About this exercise:
Look below for the lines from the one with "HÓSSE H 28 modrá litinová pánev - Obrázek 4" to the one with "Stride Rite SM", and copy exactly those lines, both ends included.

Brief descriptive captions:
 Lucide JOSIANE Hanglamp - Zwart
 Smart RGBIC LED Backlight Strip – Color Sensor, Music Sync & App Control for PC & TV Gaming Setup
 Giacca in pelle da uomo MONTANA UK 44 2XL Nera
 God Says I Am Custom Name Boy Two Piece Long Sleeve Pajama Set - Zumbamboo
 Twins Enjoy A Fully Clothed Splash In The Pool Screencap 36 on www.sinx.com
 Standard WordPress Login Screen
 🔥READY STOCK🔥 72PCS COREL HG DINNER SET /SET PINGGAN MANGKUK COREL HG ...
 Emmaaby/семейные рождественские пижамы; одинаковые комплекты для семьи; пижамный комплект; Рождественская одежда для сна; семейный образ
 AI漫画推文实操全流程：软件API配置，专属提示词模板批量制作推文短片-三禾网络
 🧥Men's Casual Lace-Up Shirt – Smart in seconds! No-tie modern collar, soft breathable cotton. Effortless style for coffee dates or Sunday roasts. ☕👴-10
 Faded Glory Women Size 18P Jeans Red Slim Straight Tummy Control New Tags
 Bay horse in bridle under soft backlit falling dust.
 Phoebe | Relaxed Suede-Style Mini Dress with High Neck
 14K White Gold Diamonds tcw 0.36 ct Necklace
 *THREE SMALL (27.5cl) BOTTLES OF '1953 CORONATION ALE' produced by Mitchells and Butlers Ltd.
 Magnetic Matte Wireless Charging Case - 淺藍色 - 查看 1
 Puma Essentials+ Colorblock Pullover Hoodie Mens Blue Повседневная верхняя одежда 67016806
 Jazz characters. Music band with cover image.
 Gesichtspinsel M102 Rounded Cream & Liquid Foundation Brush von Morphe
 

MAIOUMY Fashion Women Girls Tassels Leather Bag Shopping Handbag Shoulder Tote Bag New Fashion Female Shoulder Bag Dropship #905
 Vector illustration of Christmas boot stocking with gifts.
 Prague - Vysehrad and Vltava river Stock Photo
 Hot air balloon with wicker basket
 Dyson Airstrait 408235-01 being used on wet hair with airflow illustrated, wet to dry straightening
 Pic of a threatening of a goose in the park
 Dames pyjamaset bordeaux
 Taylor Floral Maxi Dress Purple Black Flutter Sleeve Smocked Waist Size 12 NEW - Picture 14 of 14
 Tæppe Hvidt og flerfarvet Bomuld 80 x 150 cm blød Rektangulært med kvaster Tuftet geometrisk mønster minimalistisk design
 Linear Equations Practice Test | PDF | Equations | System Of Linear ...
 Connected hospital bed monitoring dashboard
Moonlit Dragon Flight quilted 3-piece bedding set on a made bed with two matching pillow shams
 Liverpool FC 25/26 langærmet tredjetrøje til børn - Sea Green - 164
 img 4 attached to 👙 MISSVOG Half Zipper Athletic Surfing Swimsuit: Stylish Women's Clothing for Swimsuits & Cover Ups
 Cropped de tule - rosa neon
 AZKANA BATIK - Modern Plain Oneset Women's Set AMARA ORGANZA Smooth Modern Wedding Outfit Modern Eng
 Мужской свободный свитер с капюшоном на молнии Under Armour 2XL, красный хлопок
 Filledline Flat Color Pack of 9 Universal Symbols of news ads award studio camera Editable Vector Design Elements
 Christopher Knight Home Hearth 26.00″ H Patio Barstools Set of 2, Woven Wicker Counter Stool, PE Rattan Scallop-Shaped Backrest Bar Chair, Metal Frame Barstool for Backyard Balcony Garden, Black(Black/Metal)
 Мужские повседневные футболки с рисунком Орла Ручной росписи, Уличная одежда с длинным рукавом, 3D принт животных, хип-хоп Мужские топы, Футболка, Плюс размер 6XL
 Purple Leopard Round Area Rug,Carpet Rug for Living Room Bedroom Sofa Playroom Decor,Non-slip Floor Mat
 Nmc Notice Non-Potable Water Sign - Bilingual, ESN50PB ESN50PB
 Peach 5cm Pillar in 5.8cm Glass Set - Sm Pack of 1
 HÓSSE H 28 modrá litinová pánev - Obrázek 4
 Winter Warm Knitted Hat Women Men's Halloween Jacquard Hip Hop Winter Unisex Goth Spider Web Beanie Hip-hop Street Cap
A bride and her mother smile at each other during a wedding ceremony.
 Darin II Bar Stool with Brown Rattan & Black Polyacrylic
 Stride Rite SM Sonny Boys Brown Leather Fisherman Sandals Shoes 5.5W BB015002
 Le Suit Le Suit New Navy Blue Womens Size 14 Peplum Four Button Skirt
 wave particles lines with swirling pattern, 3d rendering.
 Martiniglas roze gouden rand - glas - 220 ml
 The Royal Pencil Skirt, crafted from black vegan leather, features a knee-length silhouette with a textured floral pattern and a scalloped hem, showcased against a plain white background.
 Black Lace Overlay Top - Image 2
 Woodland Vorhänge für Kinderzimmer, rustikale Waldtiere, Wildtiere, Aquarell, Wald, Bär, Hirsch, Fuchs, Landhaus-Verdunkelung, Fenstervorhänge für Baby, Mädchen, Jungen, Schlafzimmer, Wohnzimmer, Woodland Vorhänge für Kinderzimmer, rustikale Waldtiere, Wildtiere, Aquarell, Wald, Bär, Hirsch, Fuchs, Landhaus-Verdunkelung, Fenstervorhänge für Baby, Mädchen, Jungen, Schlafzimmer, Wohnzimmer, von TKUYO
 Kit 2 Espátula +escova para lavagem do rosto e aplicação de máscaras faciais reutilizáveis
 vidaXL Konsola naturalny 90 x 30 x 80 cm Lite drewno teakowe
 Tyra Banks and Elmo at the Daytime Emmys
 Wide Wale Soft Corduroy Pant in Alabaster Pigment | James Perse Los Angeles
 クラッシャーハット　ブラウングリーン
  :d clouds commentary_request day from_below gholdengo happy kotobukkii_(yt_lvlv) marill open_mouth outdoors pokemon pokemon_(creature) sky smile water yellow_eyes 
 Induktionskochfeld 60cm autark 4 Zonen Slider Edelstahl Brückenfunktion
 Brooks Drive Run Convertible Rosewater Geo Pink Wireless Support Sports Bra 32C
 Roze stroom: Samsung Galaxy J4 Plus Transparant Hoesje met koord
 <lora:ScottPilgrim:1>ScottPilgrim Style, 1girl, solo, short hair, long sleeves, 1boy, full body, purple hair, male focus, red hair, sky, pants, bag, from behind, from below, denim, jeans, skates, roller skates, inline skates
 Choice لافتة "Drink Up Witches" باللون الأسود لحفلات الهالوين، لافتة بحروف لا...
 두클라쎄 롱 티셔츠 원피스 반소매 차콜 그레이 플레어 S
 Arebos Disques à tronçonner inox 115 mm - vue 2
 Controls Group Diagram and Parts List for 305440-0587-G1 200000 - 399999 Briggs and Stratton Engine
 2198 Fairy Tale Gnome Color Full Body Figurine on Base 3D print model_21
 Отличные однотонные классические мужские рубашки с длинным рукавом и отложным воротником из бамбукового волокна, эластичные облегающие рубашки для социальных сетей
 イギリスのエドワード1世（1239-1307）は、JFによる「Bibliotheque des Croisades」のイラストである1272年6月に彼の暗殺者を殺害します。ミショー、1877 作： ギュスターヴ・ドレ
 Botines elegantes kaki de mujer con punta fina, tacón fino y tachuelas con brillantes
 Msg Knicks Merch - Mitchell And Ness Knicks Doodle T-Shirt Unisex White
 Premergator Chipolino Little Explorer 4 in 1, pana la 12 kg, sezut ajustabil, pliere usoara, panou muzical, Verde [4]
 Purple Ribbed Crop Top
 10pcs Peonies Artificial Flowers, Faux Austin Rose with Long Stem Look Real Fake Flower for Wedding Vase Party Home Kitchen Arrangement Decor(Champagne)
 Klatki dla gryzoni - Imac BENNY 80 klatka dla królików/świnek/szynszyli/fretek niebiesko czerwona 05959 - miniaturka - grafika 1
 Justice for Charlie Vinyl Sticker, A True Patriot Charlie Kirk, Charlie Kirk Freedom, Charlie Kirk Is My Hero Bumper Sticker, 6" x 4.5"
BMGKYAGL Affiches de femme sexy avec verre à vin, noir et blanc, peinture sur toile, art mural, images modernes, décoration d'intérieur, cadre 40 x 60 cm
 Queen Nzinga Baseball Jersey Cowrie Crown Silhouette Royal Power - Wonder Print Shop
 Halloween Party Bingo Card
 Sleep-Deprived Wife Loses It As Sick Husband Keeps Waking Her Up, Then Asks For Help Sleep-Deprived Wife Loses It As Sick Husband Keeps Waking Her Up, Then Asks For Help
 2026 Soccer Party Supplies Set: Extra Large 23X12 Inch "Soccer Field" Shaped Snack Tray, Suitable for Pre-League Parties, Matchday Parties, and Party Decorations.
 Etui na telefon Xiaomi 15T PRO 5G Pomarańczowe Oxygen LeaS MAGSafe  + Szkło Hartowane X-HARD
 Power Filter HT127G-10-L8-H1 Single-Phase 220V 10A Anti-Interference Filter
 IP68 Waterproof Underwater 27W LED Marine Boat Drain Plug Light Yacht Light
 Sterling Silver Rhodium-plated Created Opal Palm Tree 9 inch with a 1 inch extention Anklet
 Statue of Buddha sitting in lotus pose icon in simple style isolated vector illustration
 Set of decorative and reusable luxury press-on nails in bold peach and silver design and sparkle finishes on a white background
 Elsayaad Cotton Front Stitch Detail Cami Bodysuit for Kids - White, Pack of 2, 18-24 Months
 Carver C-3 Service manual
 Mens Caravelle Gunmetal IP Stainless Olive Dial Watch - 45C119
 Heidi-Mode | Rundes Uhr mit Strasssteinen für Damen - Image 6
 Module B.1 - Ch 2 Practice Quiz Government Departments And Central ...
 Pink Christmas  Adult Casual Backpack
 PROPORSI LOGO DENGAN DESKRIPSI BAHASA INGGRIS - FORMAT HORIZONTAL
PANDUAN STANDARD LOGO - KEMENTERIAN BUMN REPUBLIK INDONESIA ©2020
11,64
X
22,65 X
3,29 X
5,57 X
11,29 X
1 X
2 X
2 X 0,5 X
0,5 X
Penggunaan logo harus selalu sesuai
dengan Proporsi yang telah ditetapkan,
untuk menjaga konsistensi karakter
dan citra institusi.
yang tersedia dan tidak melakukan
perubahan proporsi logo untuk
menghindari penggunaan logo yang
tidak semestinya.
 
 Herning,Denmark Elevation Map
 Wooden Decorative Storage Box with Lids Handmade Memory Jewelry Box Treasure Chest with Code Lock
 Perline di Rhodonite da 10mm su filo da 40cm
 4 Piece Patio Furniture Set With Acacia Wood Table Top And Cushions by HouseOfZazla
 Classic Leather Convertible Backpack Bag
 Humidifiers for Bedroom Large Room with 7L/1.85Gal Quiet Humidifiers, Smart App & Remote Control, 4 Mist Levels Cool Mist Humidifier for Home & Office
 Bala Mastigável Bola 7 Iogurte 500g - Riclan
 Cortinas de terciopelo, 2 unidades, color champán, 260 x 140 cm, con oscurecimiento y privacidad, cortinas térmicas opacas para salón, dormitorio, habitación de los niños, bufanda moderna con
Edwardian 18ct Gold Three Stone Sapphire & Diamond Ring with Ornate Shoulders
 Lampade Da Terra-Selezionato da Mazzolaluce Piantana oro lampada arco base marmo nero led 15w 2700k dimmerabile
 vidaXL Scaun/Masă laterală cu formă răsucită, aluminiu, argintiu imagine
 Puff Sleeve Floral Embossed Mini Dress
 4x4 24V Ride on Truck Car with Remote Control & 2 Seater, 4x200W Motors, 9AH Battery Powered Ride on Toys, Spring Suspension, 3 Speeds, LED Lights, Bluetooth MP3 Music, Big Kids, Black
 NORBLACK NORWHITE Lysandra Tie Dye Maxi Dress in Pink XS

Answer for this exercise:
 HÓSSE H 28 modrá litinová pánev - Obrázek 4
 Winter Warm Knitted Hat Women Men's Halloween Jacquard Hip Hop Winter Unisex Goth Spider Web Beanie Hip-hop Street Cap
A bride and her mother smile at each other during a wedding ceremony.
 Darin II Bar Stool with Brown Rattan & Black Polyacrylic
 Stride Rite SM Sonny Boys Brown Leather Fisherman Sandals Shoes 5.5W BB015002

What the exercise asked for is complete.